Work request:
Reprint the lines below as they are, minus the pictures.

Data excerpt:
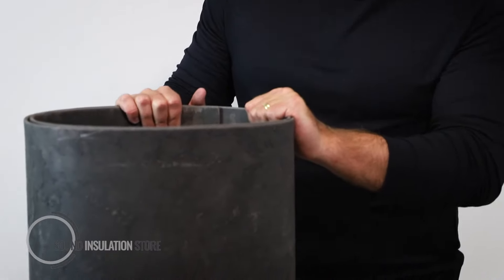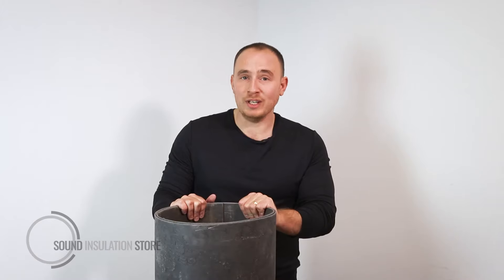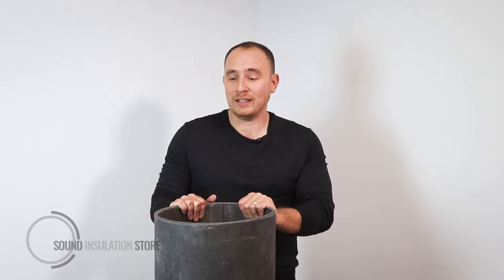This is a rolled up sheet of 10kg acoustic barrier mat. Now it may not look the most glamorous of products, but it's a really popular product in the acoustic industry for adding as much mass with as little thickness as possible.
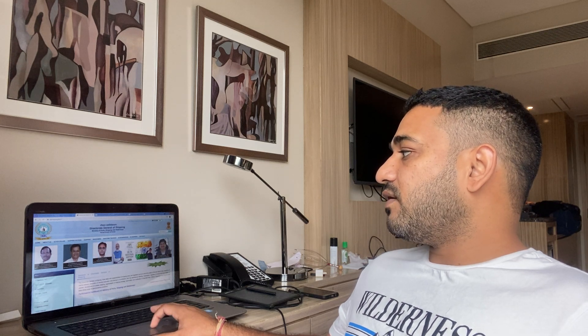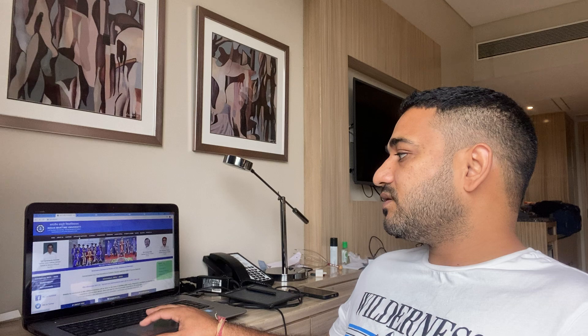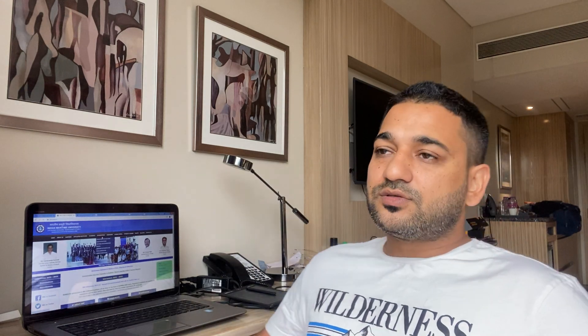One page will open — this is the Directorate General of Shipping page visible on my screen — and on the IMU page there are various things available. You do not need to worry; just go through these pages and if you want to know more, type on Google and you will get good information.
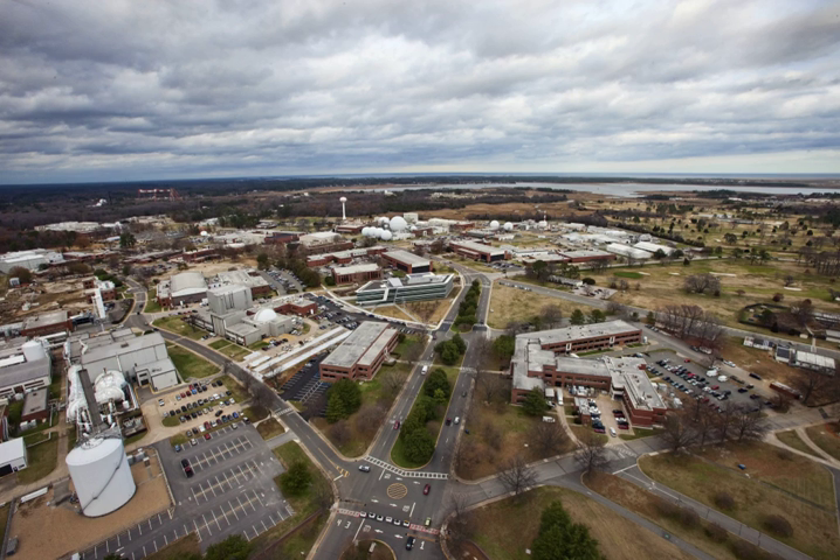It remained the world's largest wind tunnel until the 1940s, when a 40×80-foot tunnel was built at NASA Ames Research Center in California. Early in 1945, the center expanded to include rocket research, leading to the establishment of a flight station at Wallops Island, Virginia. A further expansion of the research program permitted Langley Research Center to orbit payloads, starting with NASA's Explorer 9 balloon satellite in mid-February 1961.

Response:
This is a rolled up sheet of 10kg acoustic barrier mat. Now it may not look the most glamorous of products, but it's a really popular product in the acoustic industry for adding as much mass with as little thickness as possible.
One page will open — this is the Directorate General of Shipping page visible on my screen — and on the IMU page there are various things available. You do not need to worry; just go through these pages and if you want to know more, type on Google and you will get good information.
It remained the world's largest wind tunnel until the 1940s, when a 40×80-foot tunnel was built at NASA Ames Research Center in California. Early in 1945, the center expanded to include rocket research, leading to the establishment of a flight station at Wallops Island, Virginia. A further expansion of the research program permitted Langley Research Center to orbit payloads, starting with NASA's Explorer 9 balloon satellite in mid-February 1961.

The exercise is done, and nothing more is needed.